Si no se entiende y se pone el pasado en su lugar, los sísifos enajenados continuarán condenados a una repetición infernal y sin salida. Doblegado y sin zafarse, el cuerpo se inclina sobre sí mismo, en tanto y el espíritu, ajeno al esfuerzo de pensar, pensarse y liberarse, se entrega a cualesquiera de las dos actitudes que confirman su postración: el lamento autocompasivo –propio de los vencidos- y la expectativa del conformista que, sin renunciar a sus apegos, repite a diario, como en una oración: “tarde o temprano, esto acabará”, “mañana será otro día”, “Dios dirá”, “alguien tendrá que castigar al causante de mi desgracia”, “con el tiempo comprenderán que las cosas no son fáciles”, “no hay mal que duré cien años”. “Ya es hora de que me pidan perdón…”

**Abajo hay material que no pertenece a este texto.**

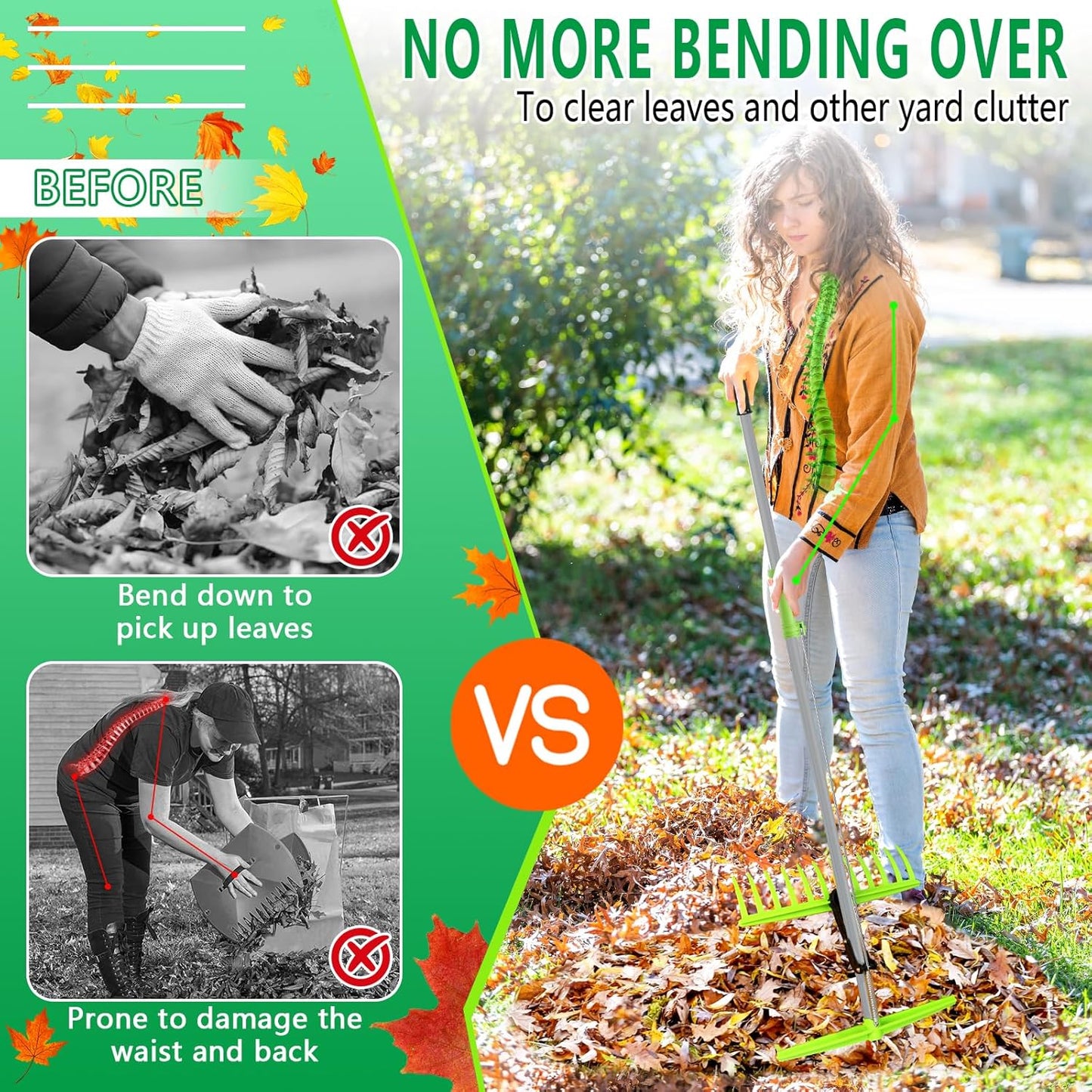 2-in-1 Leaf Grabber Rake Back Saving, Ergonomic Leaf Scoops Claws with Long Handle, Efficient Leaf Picker Upper Grabber Shovel for Yard Work Lawns Clean Up, Easy Pick Up Leaves No More Bending Over
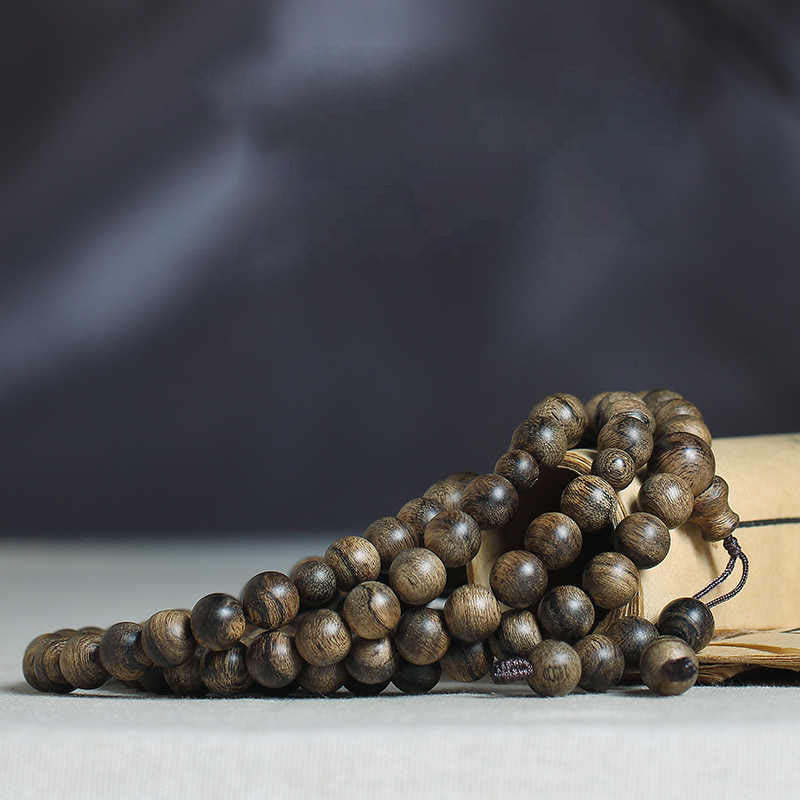 108 Mala Beads Natural Tarakan Agarwood Ward Off Evil Spirits Bracelet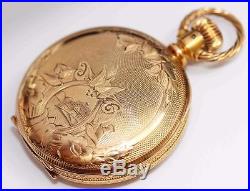 C. 1887 antique ILLINOIS HUNTING CASE POCKET WATCH with ORNATE CASE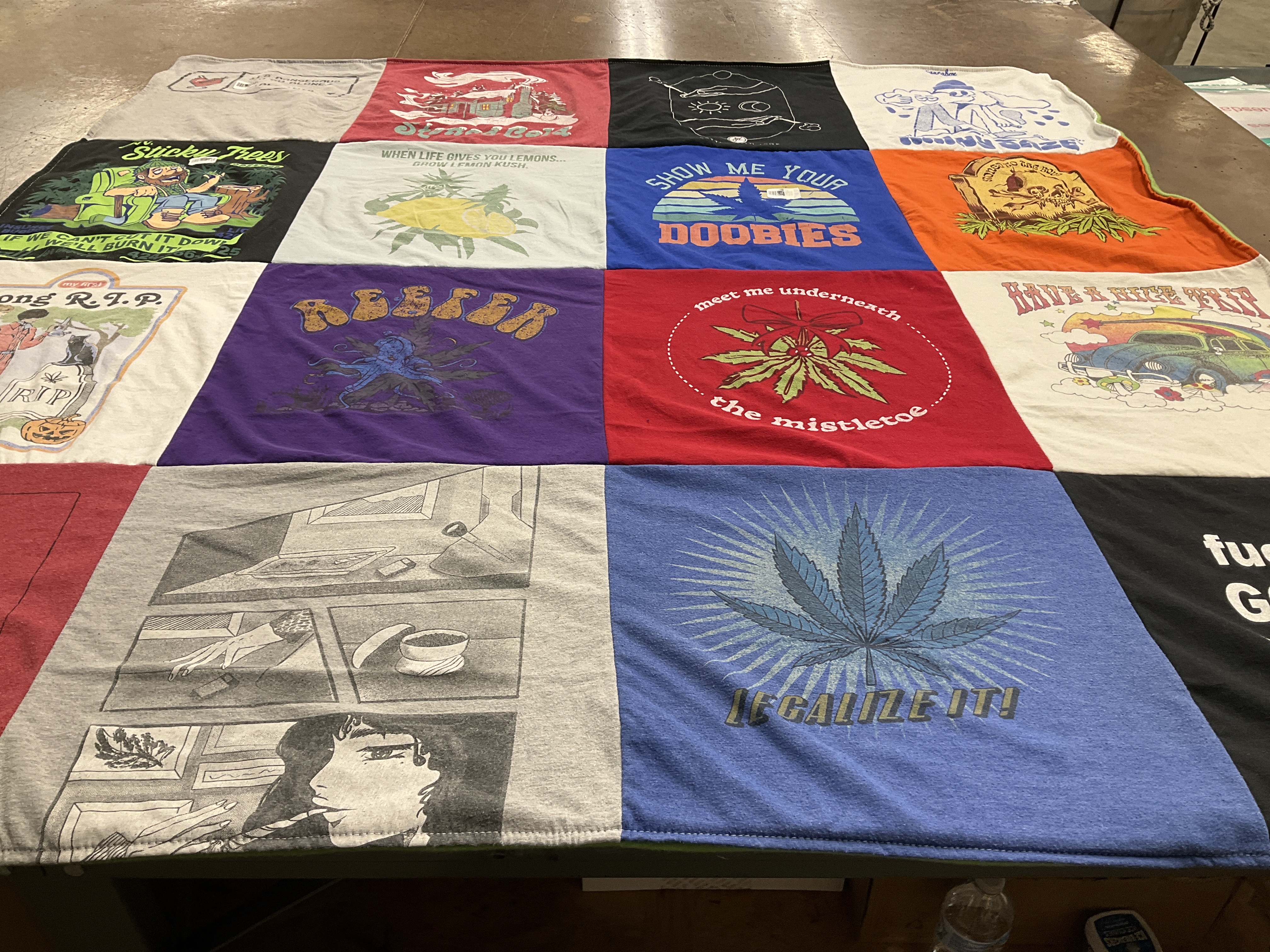 T-shirt quilt with cannabis, art themes by Katrina from FL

Si el pasado se estanca en la ilusoria eternidad del instante, se corre el riesgo de ceder a la aridez del pensamiento único. Y a eso nos ha condenado el sinsentido de un hombre que se atribuye el derecho de jefaturar el rumbo de nuestro destino. Nada, absolutamente nada ilustra el drama de un individuo o de un país, como mantenerse aguardando la nada en la trampa de lo que supone que fue. Aferrarse a la sombra de un pasado asimilado racial y culturalmente es nuestro verdadero absurdo. Sobre las ruinas de “los naturales”, perseguidores a su vez de sus coetáneos, crece de manera irrefrenable la complejidad de cientos de generaciones. Me refiero a los millones de personas que, en mayoría, jamás –y digo jamás- siquiera han sentido la curiosidad de saber quiénes son en realidad y cuál es su situación en el mundo.
Así que atarse a la reinvención sucesiva del pasado es un juego peligroso. Imaginación, prejuicio y memoria se han enredado tanto que, como hiciera Alejandro de Macedonia con el Nudo Gordiano, debemos cortarlo de tajo para verlo a distancia, comprenderlo en su dimensión y dejar de ser sus rehenes. Ya es hora –y nos tardamos, por cierto- de administrar a nuestro favor la memoria. Hora de aceptar de una vez y ante nosotros mismos y los demás, que la memoria continúa y que lo que somos no es desdeñable en absoluto.